Ericsson tries to kick-start demand for Bluetooth

Leaders of Ericsson Technology Licensing in Lund, Sweden, are trying to kick-start unexpectedly slow development of its Bluetooth extremely short-range radio technology.

By J.R. Wilson

LUND, Sweden — Leaders of Ericsson Technology Licensing in Lund, Sweden, are trying to kick-start unexpectedly slow development of its Bluetooth extremely short-range radio technology.

To do this, they are announcing a new Bluetooth Embedded Stack software solution it says will enable original equipment manufacturers (OEMs) to launch new Bluetooth products at reduced cost.

Offered by Ericsson, along with other Bluetooth implementations, the Embedded Stack enables OEMs to integrate their application in the Bluetooth chip, creating a more cost-effective solution for applications in which size, power consumption, and cost are paramount.

"This is a move from Ericsson Technology Licensing that will help the Bluetooth industry to increase the number of Bluetooth products," says division president Maria Khorsand. "Our new software will definitely enhance the possibilities to reduce costs for implementation of Bluetooth wireless technology."

Khorsand also claims recent surveys have shown increased consumer familiarity with Bluetooth in the past year and a corresponding increase in interest in the wireless technology.

Bluetooth has a raw throughput of 1 megabit per second (but an actual data rate of 728 kilobits per second) at ranges shorter than 10 meters.

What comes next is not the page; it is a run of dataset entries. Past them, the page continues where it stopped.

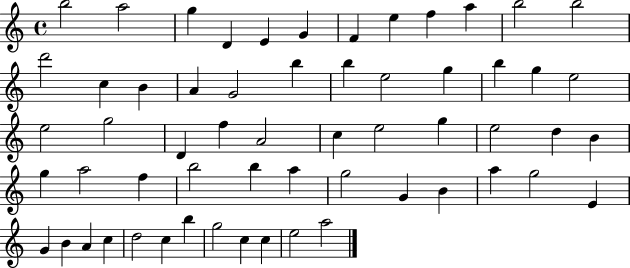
B5/h A5/h G5/q D4/q E4/q G4/q F4/q E5/q F5/q A5/q B5/h B5/h D6/h C5/q B4/q A4/q G4/h B5/q B5/q E5/h G5/q B5/q G5/q E5/h E5/h G5/h D4/q F5/q A4/h C5/q E5/h G5/q E5/h D5/q B4/q G5/q A5/h F5/q B5/h B5/q A5/q G5/h G4/q B4/q A5/q G5/h E4/q G4/q B4/q A4/q C5/q D5/h C5/q B5/q G5/h C5/q C5/q E5/h A5/h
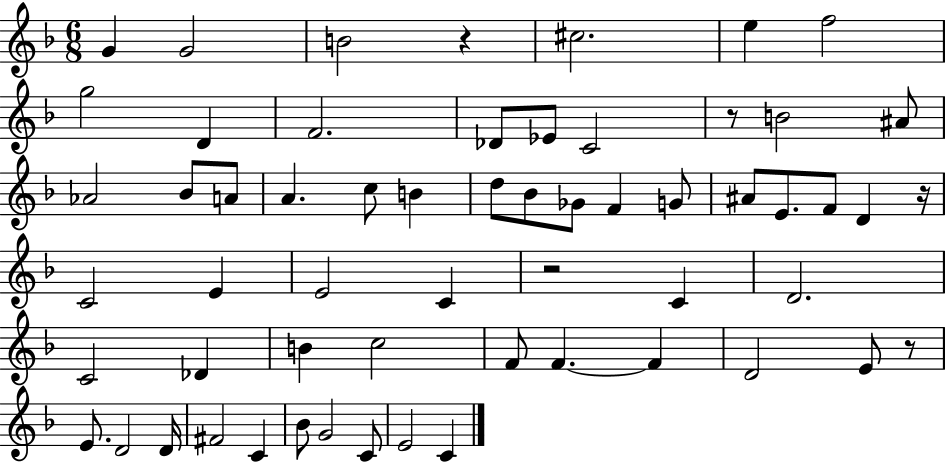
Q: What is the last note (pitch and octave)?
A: C4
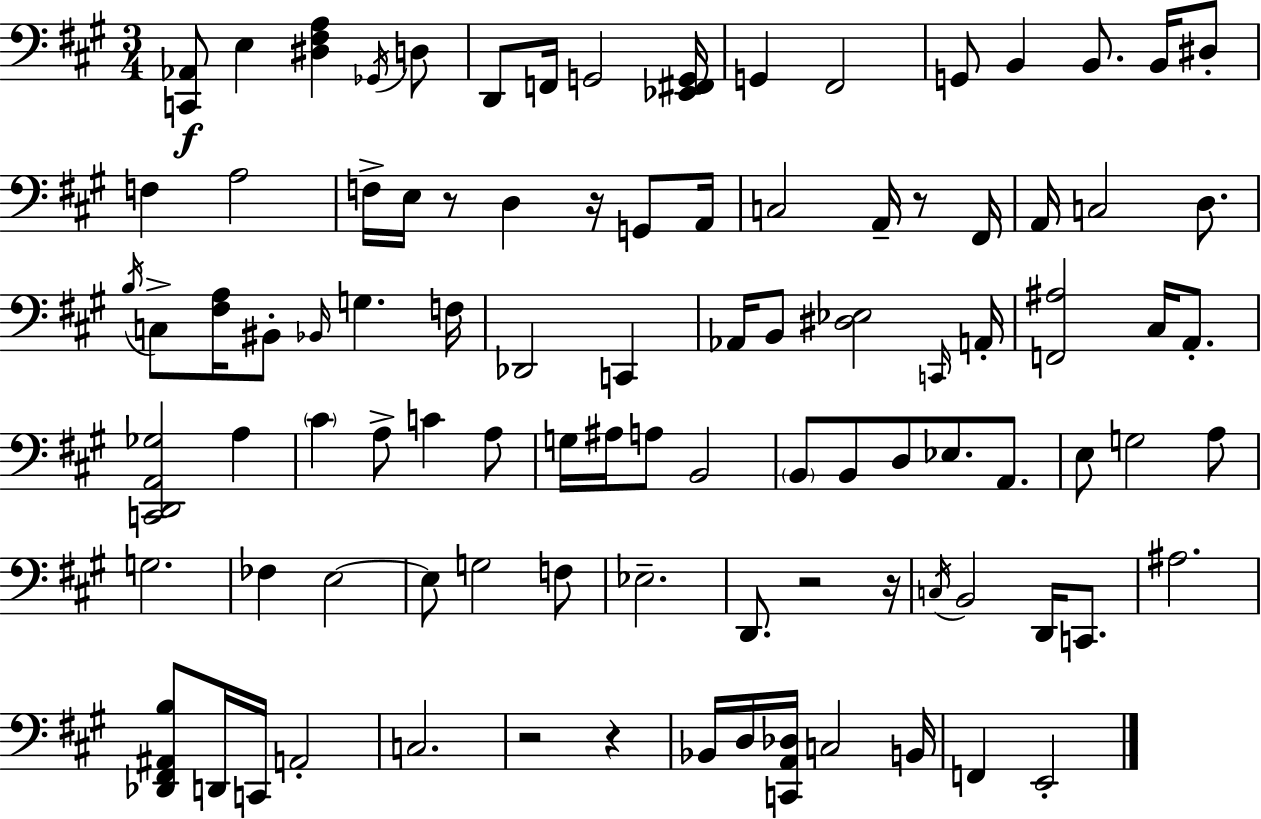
X:1
T:Untitled
M:3/4
L:1/4
K:A
[C,,_A,,]/2 E, [^D,^F,A,] _G,,/4 D,/2 D,,/2 F,,/4 G,,2 [_E,,^F,,G,,]/4 G,, ^F,,2 G,,/2 B,, B,,/2 B,,/4 ^D,/2 F, A,2 F,/4 E,/4 z/2 D, z/4 G,,/2 A,,/4 C,2 A,,/4 z/2 ^F,,/4 A,,/4 C,2 D,/2 B,/4 C,/2 [^F,A,]/4 ^B,,/2 _B,,/4 G, F,/4 _D,,2 C,, _A,,/4 B,,/2 [^D,_E,]2 C,,/4 A,,/4 [F,,^A,]2 ^C,/4 A,,/2 [C,,D,,A,,_G,]2 A, ^C A,/2 C A,/2 G,/4 ^A,/4 A,/2 B,,2 B,,/2 B,,/2 D,/2 _E,/2 A,,/2 E,/2 G,2 A,/2 G,2 _F, E,2 E,/2 G,2 F,/2 _E,2 D,,/2 z2 z/4 C,/4 B,,2 D,,/4 C,,/2 ^A,2 [_D,,^F,,^A,,B,]/2 D,,/4 C,,/4 A,,2 C,2 z2 z _B,,/4 D,/4 [C,,A,,_D,]/4 C,2 B,,/4 F,, E,,2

Operating in the 2.4GHz industrial-scientific-medial (ISM) band, it uses a frequency hop spread spectrum ° 1600 hops per second ° to avoid interference with other devices operating at 2.4GHz, including portable phones and microwave ovens.

Cahners In-Stat Group, which has been surveying the potential market for Bluetooth, predicts close to 700 million Bluetooth devices will be shipping annually by 2005.